Give again, word for word, the lines below that run from the line with "カラフルの水彩模様 コーヒーマグカップ (左)" through the line with "Under Armour Womens Rival Fleece Sweatshirt". Drop the pictures.

Top of Dataset extract

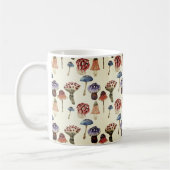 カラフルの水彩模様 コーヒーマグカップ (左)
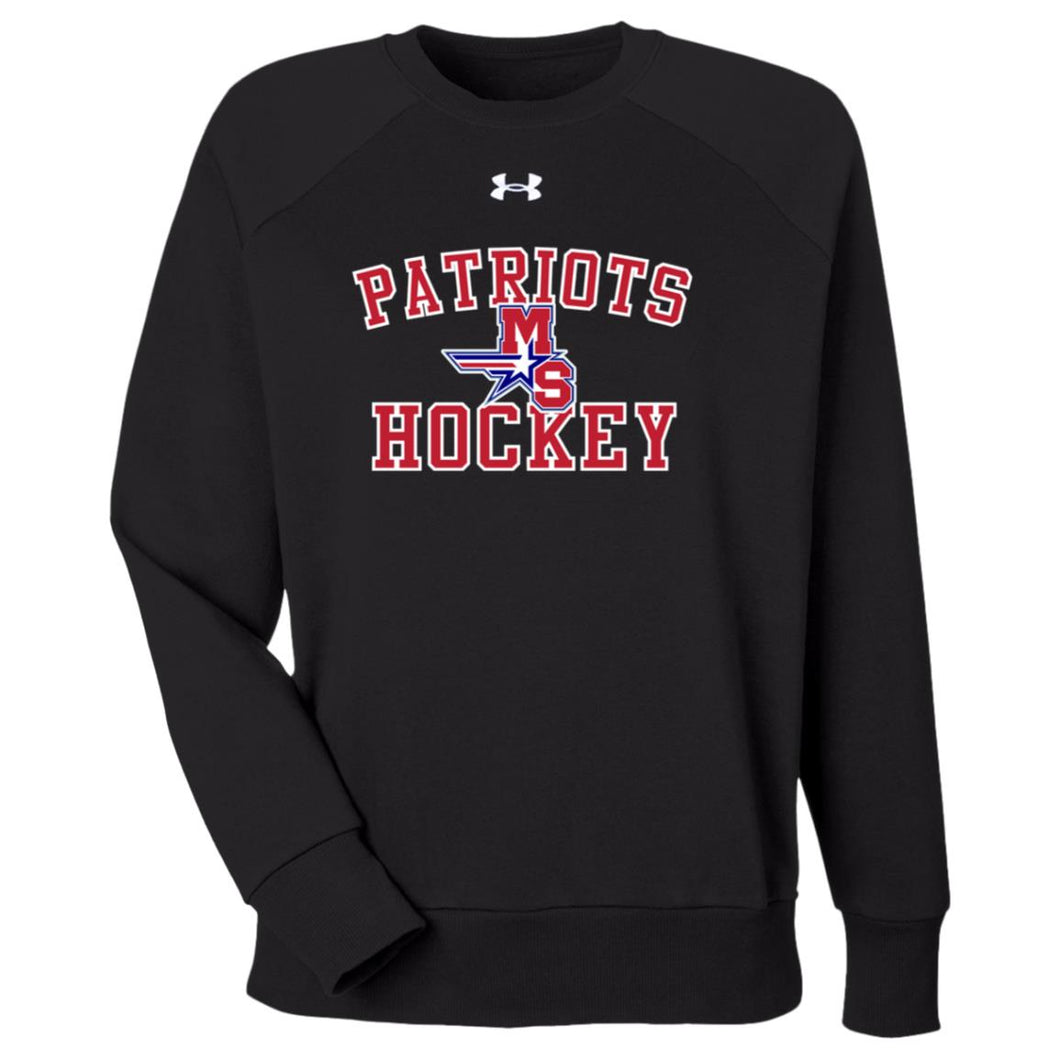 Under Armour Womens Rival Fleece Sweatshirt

Bottom of Dataset extract
Top of Dataset extract

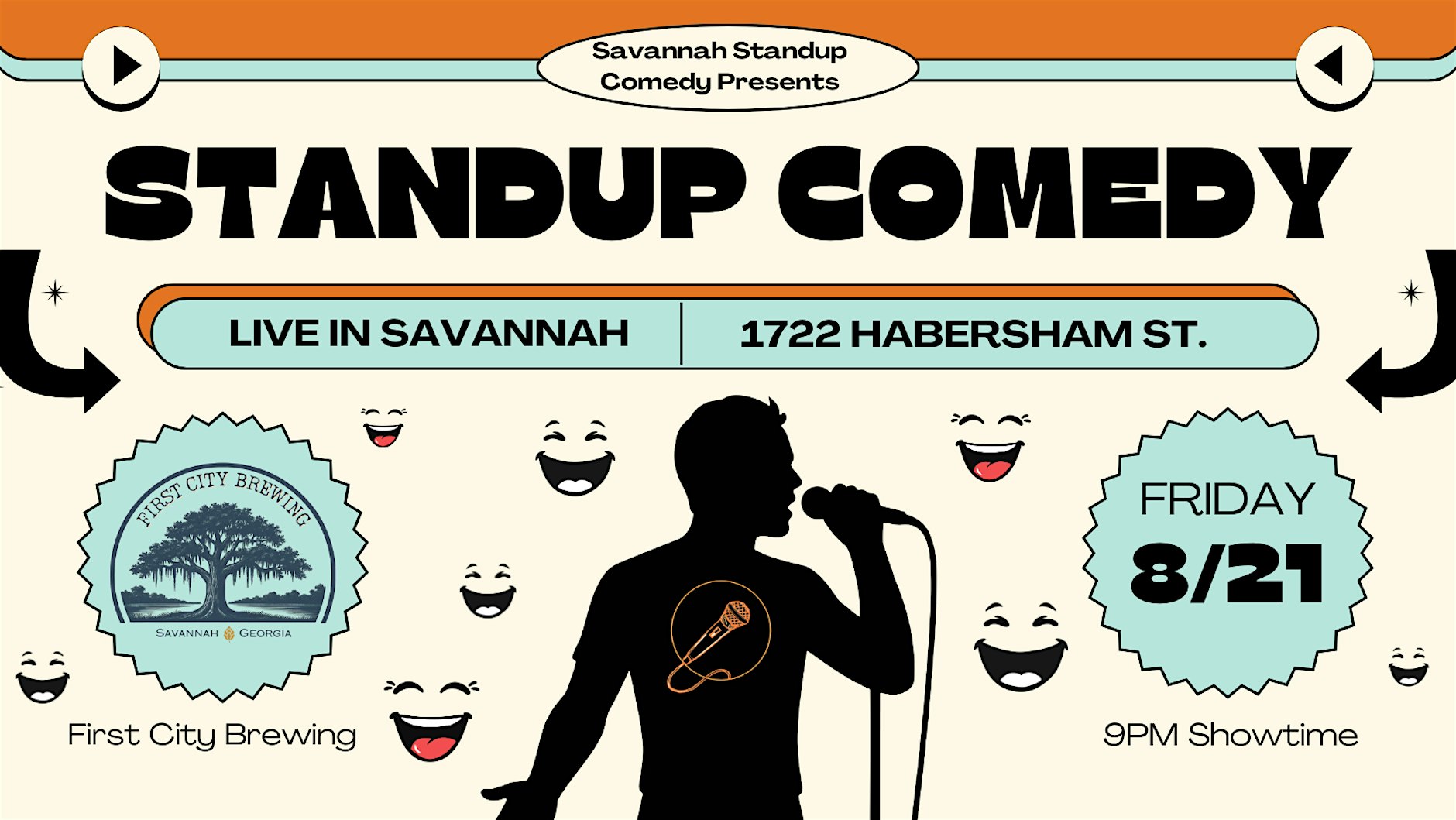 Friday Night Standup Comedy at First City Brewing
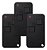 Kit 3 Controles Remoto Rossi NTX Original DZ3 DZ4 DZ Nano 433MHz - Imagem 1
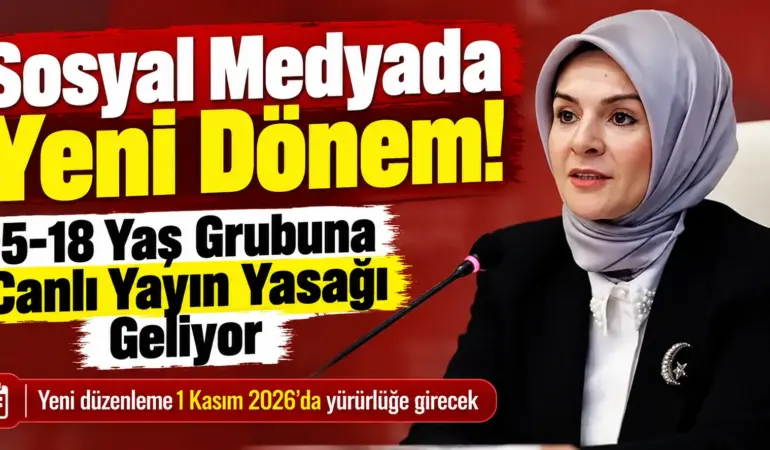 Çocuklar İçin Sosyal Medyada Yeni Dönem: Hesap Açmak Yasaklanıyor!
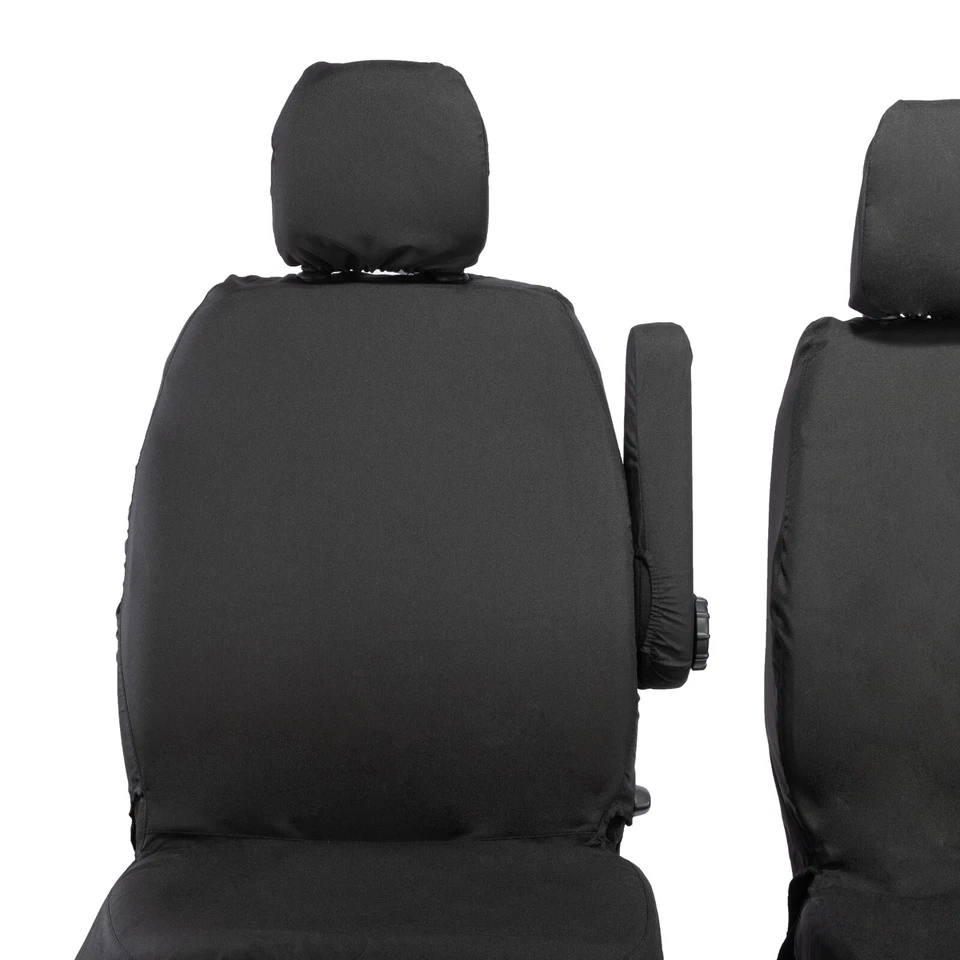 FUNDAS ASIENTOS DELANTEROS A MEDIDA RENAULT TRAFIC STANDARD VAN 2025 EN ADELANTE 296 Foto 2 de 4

Bottom of Dataset extract

| Reply |
 カラフルの水彩模様 コーヒーマグカップ (左)
 Under Armour Womens Rival Fleece Sweatshirt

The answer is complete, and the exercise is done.